**Recorded data**
====
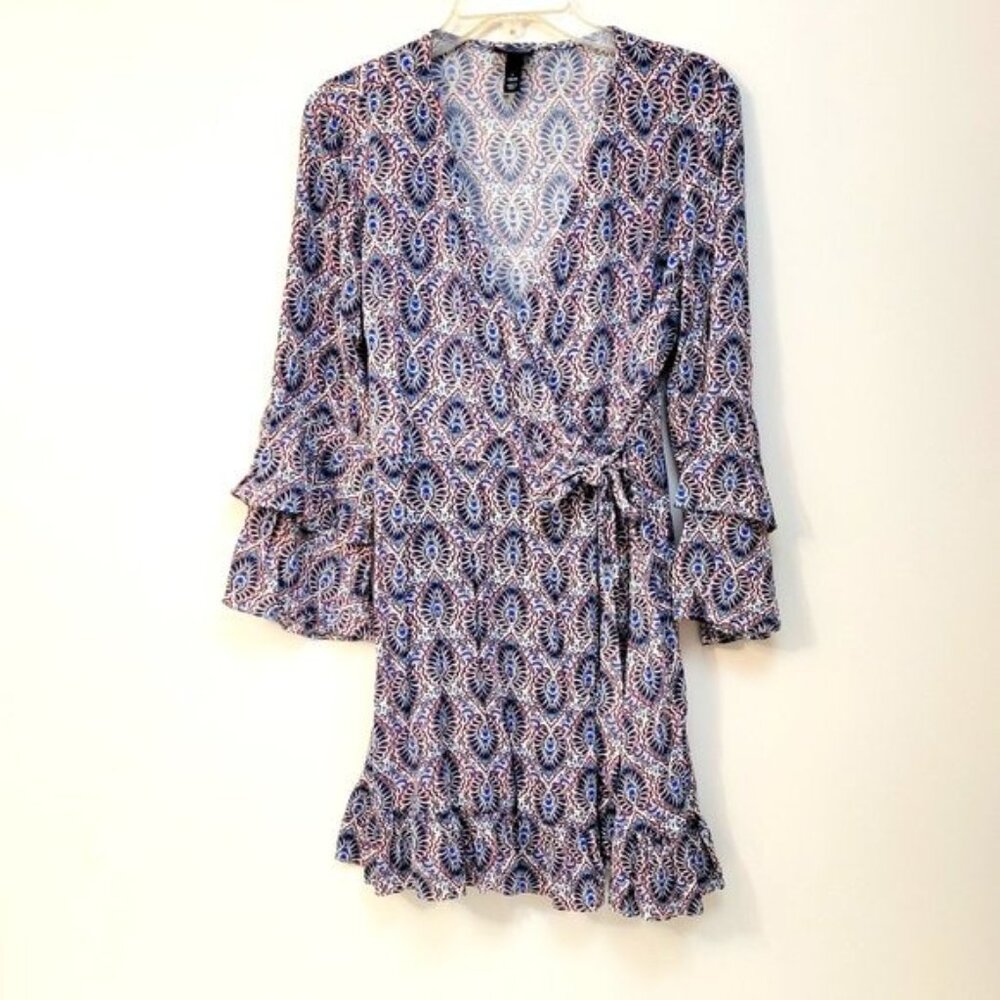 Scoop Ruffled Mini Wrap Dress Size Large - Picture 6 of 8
====
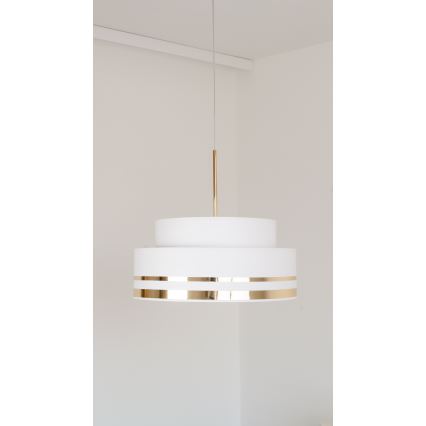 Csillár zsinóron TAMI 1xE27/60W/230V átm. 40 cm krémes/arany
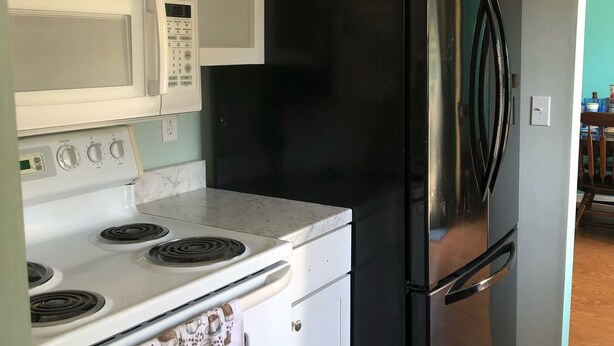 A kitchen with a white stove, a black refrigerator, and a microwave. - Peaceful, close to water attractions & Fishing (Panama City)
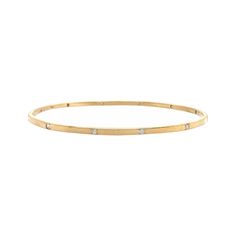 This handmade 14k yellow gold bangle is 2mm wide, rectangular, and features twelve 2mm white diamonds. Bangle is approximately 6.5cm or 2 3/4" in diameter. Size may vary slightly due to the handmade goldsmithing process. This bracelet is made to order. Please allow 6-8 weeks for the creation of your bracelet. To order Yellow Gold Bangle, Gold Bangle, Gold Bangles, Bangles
====
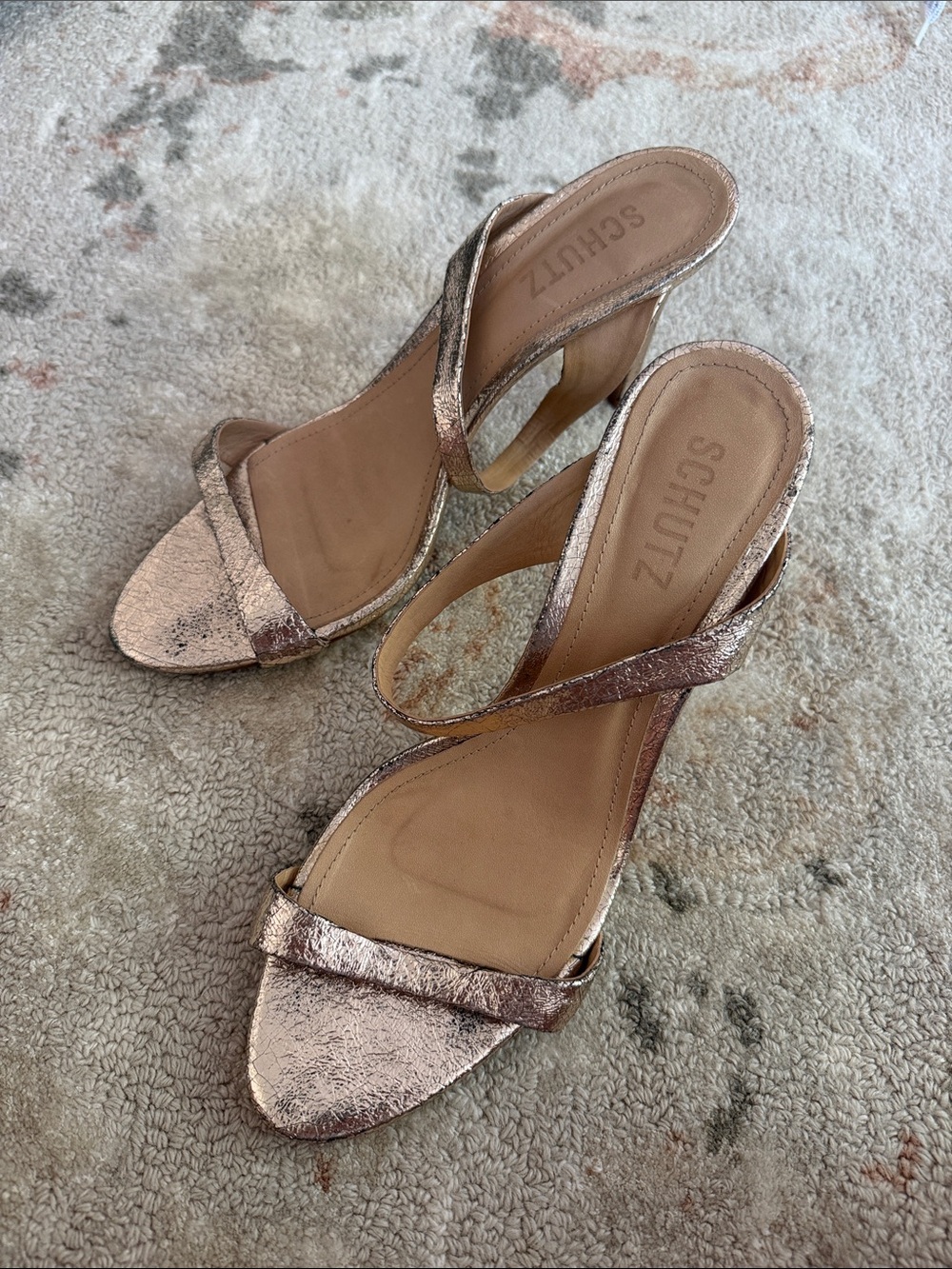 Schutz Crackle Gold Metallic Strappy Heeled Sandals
====
**What to do**
Both the line above containing "A kitchen with" and the line containing "This handmade 14k" belong in the copy, along with every line between them; print these exactly and omit the pictures.

**Final answer**
 A kitchen with a white stove, a black refrigerator, and a microwave. - Peaceful, close to water attractions & Fishing (Panama City)
 This handmade 14k yellow gold bangle is 2mm wide, rectangular, and features twelve 2mm white diamonds. Bangle is approximately 6.5cm or 2 3/4" in diameter. Size may vary slightly due to the handmade goldsmithing process. This bracelet is made to order. Please allow 6-8 weeks for the creation of your bracelet. To order Yellow Gold Bangle, Gold Bangle, Gold Bangles, Bangles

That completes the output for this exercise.